» **DATASET EXCERPT**:
_ _ _
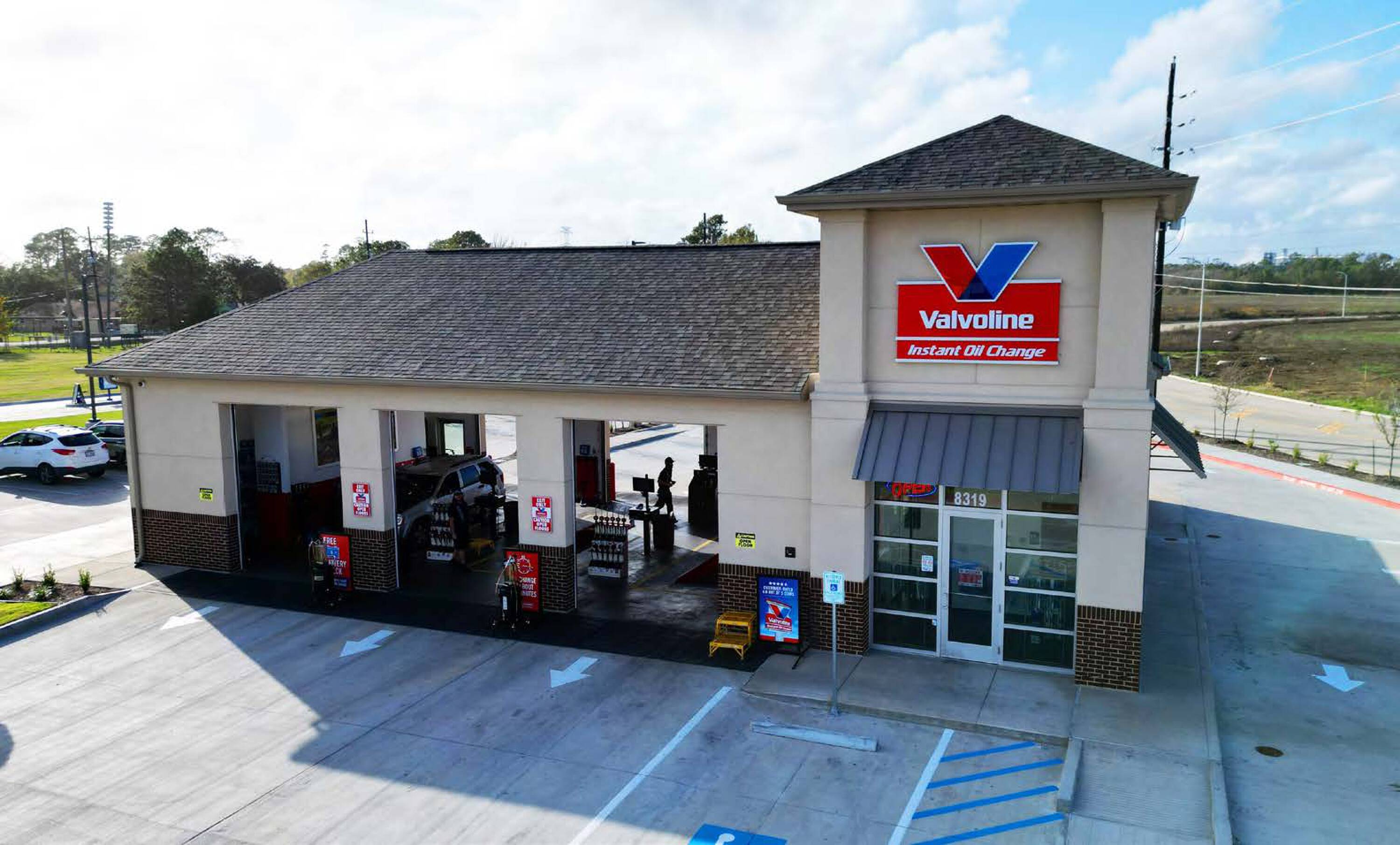 Valvoline - Baytown, TX Single Tenant Absolute NNN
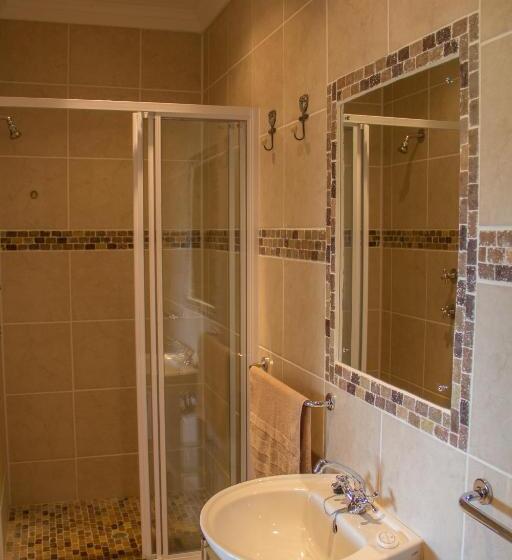 פנסיון Oewerpalms View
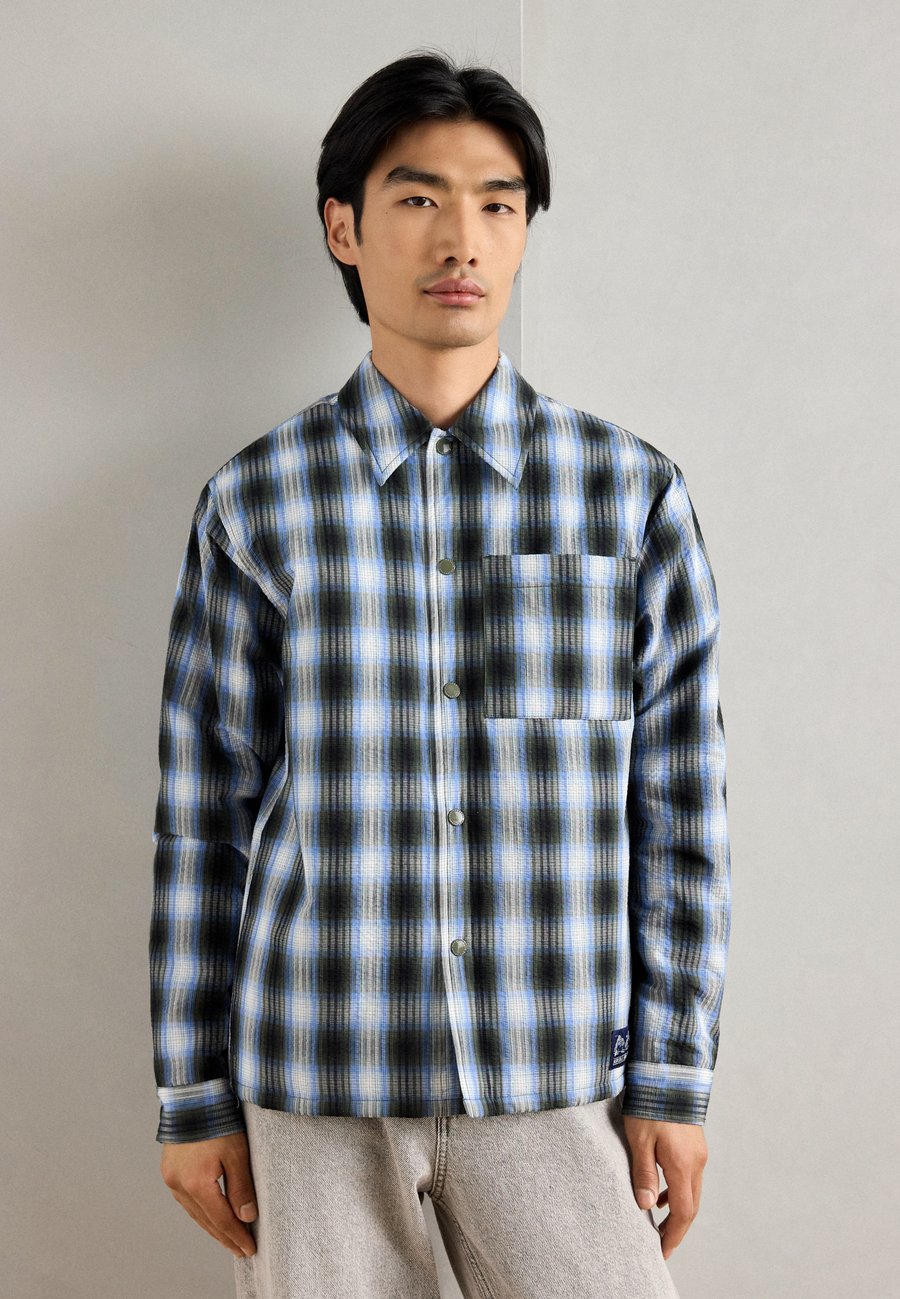 Куртка Scotch & Soda CHECK PADDED OVERSHIRT, Thyme / Blue Bonnet Shadow/Light Blue
Куртка Scotch & Soda CHECK PADDED OVERSHIRT, Thyme / Blue Bonnet Shadow/Light Blue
_ _ _
» **WHAT YOU NEED TO DO**:
Nothing but the pictures may be dropped as you repeat the listing above exactly.

» **ANSWER BOX**:
 Valvoline - Baytown, TX Single Tenant Absolute NNN
 פנסיון Oewerpalms View
 Куртка Scotch & Soda CHECK PADDED OVERSHIRT, Thyme / Blue Bonnet Shadow/Light Blue
Куртка Scotch & Soda CHECK PADDED OVERSHIRT, Thyme / Blue Bonnet Shadow/Light Blue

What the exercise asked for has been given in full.